Stored data entries
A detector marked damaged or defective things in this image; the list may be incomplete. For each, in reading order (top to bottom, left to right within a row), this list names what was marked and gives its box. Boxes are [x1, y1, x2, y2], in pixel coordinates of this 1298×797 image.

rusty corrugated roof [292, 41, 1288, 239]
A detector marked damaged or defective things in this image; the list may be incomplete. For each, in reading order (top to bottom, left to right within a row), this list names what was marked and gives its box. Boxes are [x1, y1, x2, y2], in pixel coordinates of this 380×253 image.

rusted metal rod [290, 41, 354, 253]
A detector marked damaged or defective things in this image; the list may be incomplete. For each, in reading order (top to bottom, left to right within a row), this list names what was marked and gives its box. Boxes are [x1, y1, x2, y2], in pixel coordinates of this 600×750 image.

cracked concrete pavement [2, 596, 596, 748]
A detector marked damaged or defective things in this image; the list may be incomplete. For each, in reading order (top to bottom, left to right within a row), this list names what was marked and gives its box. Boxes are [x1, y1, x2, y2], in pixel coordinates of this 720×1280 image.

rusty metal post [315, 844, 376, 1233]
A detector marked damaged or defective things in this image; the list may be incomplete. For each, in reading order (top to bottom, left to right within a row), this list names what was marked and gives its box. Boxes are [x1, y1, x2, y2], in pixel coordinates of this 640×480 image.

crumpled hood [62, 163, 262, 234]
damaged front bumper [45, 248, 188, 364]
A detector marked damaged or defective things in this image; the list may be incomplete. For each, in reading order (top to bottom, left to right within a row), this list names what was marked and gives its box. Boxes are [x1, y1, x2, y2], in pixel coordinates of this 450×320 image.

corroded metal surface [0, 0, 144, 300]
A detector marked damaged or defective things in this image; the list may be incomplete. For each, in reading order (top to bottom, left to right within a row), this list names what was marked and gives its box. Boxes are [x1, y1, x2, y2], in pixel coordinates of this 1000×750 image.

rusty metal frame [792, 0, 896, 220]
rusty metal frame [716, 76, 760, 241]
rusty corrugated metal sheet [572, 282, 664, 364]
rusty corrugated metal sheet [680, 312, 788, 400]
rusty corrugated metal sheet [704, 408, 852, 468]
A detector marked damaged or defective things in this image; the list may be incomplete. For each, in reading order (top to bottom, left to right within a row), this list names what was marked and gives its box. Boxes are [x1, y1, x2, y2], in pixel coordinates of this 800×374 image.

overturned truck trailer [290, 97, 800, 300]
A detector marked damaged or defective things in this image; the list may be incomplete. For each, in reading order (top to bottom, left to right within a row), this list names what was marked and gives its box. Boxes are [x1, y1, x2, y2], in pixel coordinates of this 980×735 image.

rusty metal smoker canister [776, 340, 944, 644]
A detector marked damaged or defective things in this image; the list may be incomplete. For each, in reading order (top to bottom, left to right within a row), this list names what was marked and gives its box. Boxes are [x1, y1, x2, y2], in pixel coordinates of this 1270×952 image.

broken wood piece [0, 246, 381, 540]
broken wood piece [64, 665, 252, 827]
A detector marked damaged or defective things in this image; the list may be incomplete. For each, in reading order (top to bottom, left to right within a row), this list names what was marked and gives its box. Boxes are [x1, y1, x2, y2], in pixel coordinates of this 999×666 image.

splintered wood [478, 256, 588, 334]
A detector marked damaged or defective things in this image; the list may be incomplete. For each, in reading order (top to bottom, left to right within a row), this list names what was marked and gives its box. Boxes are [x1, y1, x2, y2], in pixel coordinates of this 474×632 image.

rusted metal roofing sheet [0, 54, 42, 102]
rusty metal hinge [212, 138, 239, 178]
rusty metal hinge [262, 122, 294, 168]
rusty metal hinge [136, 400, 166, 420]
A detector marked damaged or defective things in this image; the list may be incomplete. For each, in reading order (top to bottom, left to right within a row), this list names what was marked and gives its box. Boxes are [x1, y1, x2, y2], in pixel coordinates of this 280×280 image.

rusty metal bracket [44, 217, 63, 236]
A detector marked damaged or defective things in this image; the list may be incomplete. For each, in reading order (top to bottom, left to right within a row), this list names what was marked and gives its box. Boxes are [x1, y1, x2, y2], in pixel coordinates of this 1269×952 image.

-- Work request --
Reproduce exactly the stretch of lines that starts at the one containing "this 1270×952 image." and ends with the final line of the data, including both ends and nothing more.

-- Exercise answer --
A detector marked damaged or defective things in this image; the list may be incomplete. For each, in reading order (top to bottom, left to right within a row), this list names what was marked and gives its box. Boxes are [x1, y1, x2, y2], in pixel coordinates of this 1270×952 image.

broken wood piece [0, 246, 381, 540]
broken wood piece [64, 665, 252, 827]
A detector marked damaged or defective things in this image; the list may be incomplete. For each, in reading order (top to bottom, left to right within a row), this list names what was marked and gives its box. Boxes are [x1, y1, x2, y2], in pixel coordinates of this 999×666 image.

splintered wood [478, 256, 588, 334]
A detector marked damaged or defective things in this image; the list may be incomplete. For each, in reading order (top to bottom, left to right within a row), this list names what was marked and gives its box. Boxes are [x1, y1, x2, y2], in pixel coordinates of this 474×632 image.

rusted metal roofing sheet [0, 54, 42, 102]
rusty metal hinge [212, 138, 239, 178]
rusty metal hinge [262, 122, 294, 168]
rusty metal hinge [136, 400, 166, 420]
A detector marked damaged or defective things in this image; the list may be incomplete. For each, in reading order (top to bottom, left to right within a row), this list names what was marked and gives its box. Boxes are [x1, y1, x2, y2], in pixel coordinates of this 280×280 image.

rusty metal bracket [44, 217, 63, 236]
A detector marked damaged or defective things in this image; the list may be incomplete. For each, in reading order (top to bottom, left to right within a row), this list names what was marked and gives its box. Boxes are [x1, y1, x2, y2], in pixel coordinates of this 1269×952 image.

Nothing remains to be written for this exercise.